Matthaei phoned the poly-U results to Nirenberg at Berkeley, but Nirenberg did not release the results publicly. Neither man was a member of biochemistry’s “inner circle”, and thus, Nirenberg wanted to continue experimenting before announcing the momentous discovery. Returning to NIH, he and Matthaei continued their polynucleotide work. It was not until October that they released the information in two papers, although Nirenberg presented his findings at the International Congress of Biochemistry in August. The announcement was a major defeat for Crick and other major players in the field, who had been trying to break the code for years. Some begrudged the obscure young scientists their success, and others claimed that it was a lucky strike. Gamow, in particular, resented not being cited for his work in their 1961 paper. (Nirenberg claimed to have never heard of it.) Nevertheless, Nirenberg and Matthaei accomplished one of the premier feats in the history of science, doing what Nobel laureates and other leading figures had been unable to do.
Biochemical research after this grand achievement was directed primarily toward the completion of the code and took approximately six years. In 1964, Nirenberg and Philip Leder discovered a technique for making coding assignments using trinucleotides, and in the following year, Har Gobind Khorana perfected a precise technique for synthesizing long RNA chains of completely defined sequences. After these achievements, the entire code was elucidated within a year. All 20 amino acids were accounted for, and Crick devised a standard form in which to present the genetic code, a table that has the same importance for biology that the periodic table has for chemistry.

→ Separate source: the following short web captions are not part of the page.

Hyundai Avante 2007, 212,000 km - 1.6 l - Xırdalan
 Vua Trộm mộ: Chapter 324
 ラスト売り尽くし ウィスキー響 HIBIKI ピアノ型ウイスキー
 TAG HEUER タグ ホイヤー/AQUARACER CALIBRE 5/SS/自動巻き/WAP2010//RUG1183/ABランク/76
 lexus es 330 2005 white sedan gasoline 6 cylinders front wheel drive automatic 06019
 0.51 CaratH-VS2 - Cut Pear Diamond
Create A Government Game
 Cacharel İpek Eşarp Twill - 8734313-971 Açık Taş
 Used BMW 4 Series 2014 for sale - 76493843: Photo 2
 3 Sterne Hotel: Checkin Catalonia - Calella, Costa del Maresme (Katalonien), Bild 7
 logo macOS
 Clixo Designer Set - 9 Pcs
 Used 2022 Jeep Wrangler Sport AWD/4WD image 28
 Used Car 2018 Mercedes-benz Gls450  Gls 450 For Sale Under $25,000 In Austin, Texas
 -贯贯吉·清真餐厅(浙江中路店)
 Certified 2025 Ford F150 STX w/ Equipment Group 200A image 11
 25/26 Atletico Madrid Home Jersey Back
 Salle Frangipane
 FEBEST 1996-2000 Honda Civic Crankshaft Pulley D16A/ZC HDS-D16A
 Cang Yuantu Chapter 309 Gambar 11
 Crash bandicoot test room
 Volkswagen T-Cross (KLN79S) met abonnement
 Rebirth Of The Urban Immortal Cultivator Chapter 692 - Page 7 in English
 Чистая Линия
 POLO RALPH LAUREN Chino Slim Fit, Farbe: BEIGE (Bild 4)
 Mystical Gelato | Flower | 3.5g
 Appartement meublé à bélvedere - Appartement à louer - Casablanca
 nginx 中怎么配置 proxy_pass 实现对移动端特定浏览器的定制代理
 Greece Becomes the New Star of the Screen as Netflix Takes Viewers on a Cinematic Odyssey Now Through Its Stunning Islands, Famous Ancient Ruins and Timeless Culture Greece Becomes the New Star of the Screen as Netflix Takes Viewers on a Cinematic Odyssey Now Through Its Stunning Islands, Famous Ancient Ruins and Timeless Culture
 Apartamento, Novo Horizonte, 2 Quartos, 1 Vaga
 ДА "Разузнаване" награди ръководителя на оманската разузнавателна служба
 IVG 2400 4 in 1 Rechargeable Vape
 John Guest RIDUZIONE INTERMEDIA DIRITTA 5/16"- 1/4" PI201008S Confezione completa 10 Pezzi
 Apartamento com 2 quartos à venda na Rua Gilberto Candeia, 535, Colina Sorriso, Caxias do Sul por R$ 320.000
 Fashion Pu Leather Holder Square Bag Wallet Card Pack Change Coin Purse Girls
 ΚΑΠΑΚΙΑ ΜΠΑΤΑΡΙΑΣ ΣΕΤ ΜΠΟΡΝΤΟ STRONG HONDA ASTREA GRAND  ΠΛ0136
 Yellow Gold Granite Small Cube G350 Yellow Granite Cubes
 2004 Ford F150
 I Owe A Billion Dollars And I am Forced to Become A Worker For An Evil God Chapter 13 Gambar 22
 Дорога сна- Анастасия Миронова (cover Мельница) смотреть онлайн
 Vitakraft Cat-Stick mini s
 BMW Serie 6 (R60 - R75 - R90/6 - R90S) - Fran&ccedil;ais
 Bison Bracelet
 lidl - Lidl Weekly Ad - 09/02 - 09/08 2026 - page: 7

Watson and Crick had won their Nobel Prize in 1962 for discovering the structure of DNA. Nirenberg (along with Gobind Khorana and Robert Holley) matched them in 1968, when he was also awarded the Nobel Prize in Physiology or Medicine. Thus, an incredible achievement for an “outsider” was acknowledged at the end of two decades of amazing research in the nascent field of molecular biology. The discovery of the genetic code, or more accurately the “genetic cipher”, would inaugurate an era of astonishing genetic research that continues today.